A moment before Sam staggered out through the doorway, Washington Avenue was a deserted, rain-swept thoroughfare; a moment later a crowd was beginning to gather. They came running, giving tongue to a weird, low murmur of excitement. Bert heard voices: "What happened to him? His head is cut. Who hit him? Stand back, there, and give him air!" There was a sudden movement at one edge of the crowd, and it broke and fell away. Policeman Glynn pushed his way through.

Bert, forcing himself to move, went down to the door. Had he hurt Sam badly? It didn't seem possible that a cup could do much damage. The door was still open. He laid one hand on the knob, and clutched it, and stood there at the edge of the gathering.

The coming of the policeman had brought order out of confusion. Two men bent down and lifted the clerk to his feet. His eyes opened, and he came back to consciousness, and struggled to find his balance.
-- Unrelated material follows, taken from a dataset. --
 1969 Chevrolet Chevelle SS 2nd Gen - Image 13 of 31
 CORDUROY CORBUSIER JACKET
Bert, from his heart, breathed a prayer of relief.

"What happened to you?" Policeman Glynn asked. "Did you fall?"

"I was hit," Sam said weakly.

"By what?"

"I don't know."

"Who hit you?"

Sam's eyes roved about the circle of faces. "He did," he said, and pointed to Bert in the doorway.
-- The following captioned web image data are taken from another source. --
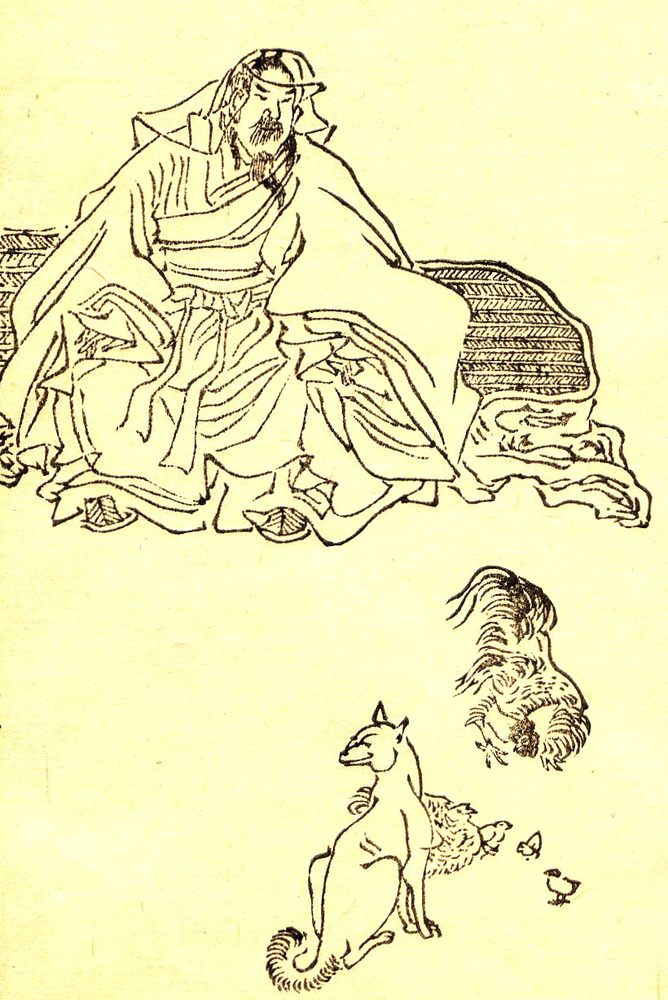 葛洪画像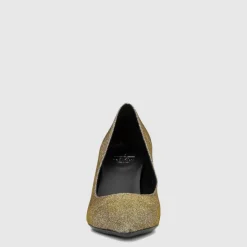 Heels-Aquatalia Melina Silver/Gold
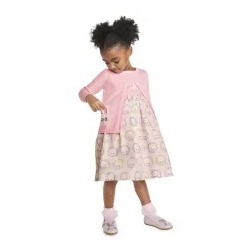 Girls Bunny Dress - Spring Jubilee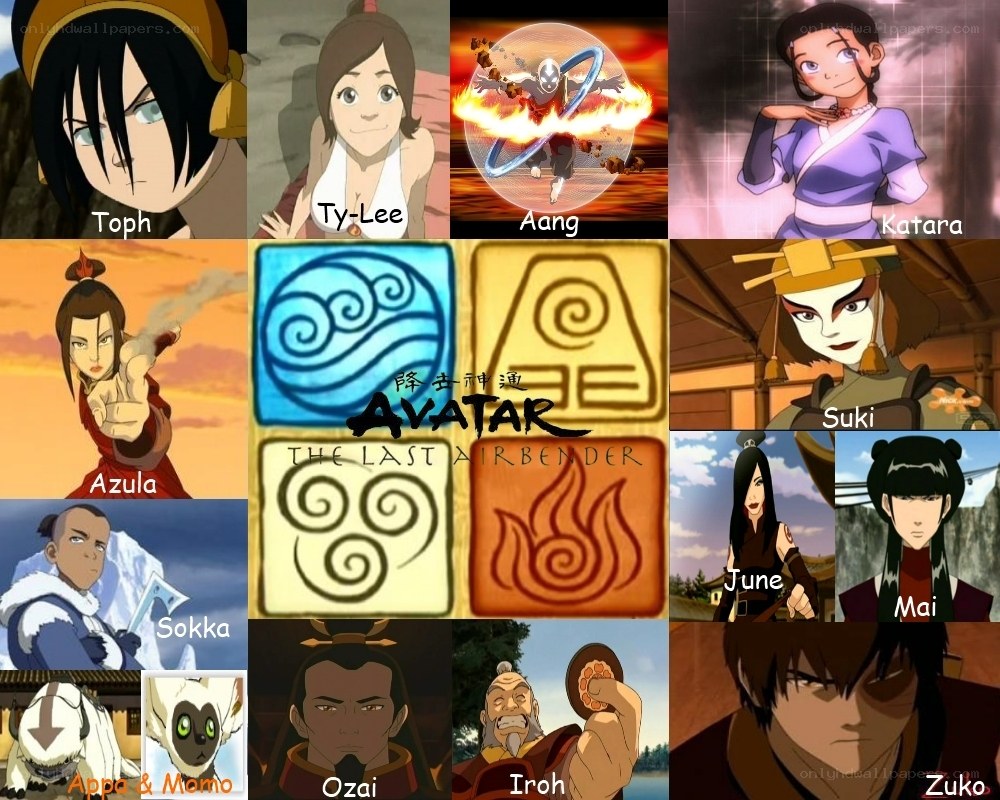 Avatar: The Last Airbender characters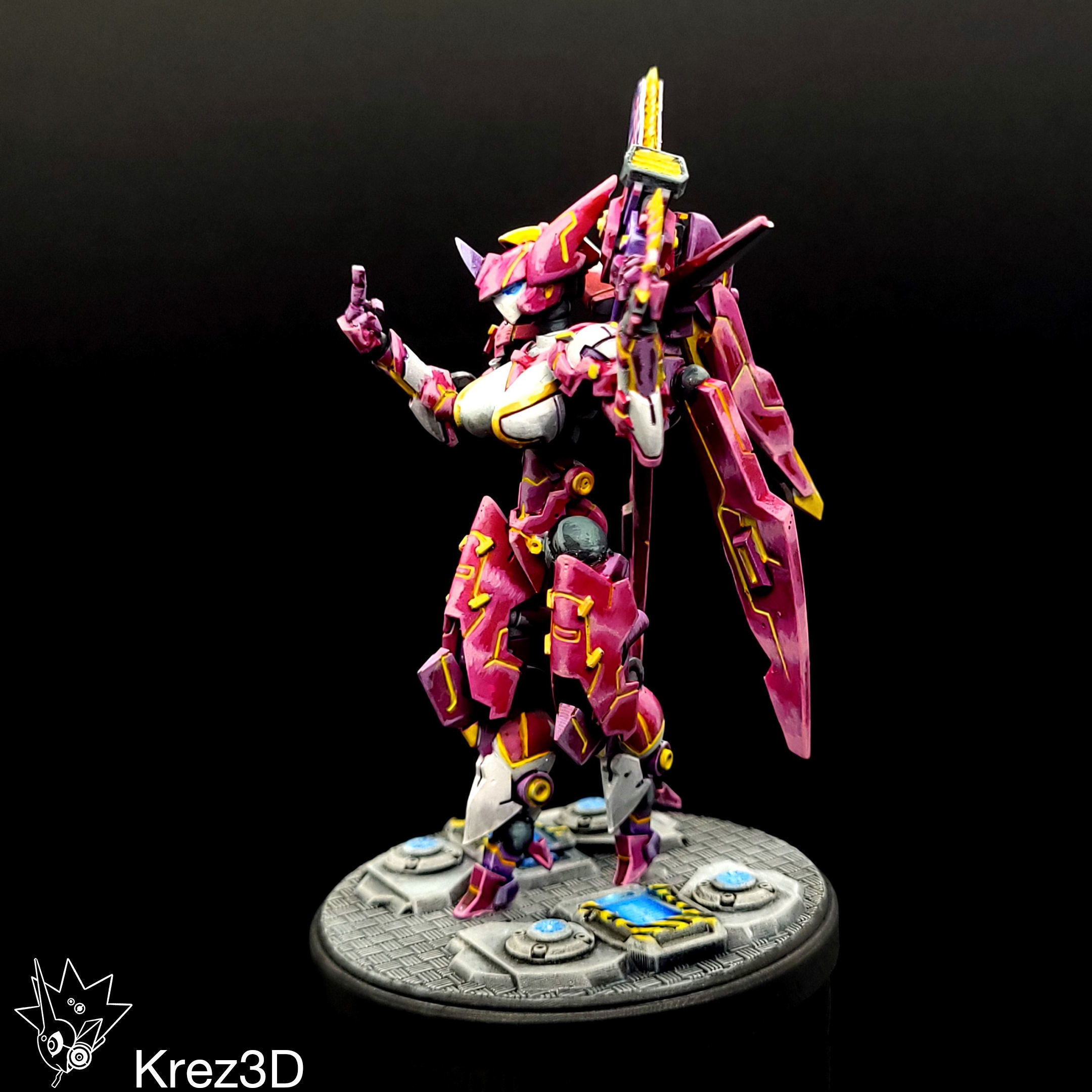 SA-7 Sunbird 3D print model_7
"You," said Policeman Glynn, and shook his head. "Bad business. I always thought you were one of the nice, easy lads who would never give a peep of trouble. I'll have to take you in if this gentleman's going to make a complaint."

Sam was rapidly recovering. "You can bet I'm going to make a complaint. He assaulted me. I hadn't done anything to him. I was walking out and he hit me with something."

The policeman stooped and picked up half of the cup. "This it?" he asked Bert. The boy nodded, and the officer stuck the fragment in his pocket and began to give businesslike directions. "You get to a doctor and have your head looked after. It may need a bandage. After that come down to the station and sign a complaint."

Half a dozen sympathetic voices in the crowd spoke up and offered to take Sam to Dr. Elman's office. When he moved off, walking a bit unsteadily, a few of the bystanders went with him. The majority remained to watch the next act of the drama. Arrests were few and far between in peaceful Springham. They did not want to miss this one.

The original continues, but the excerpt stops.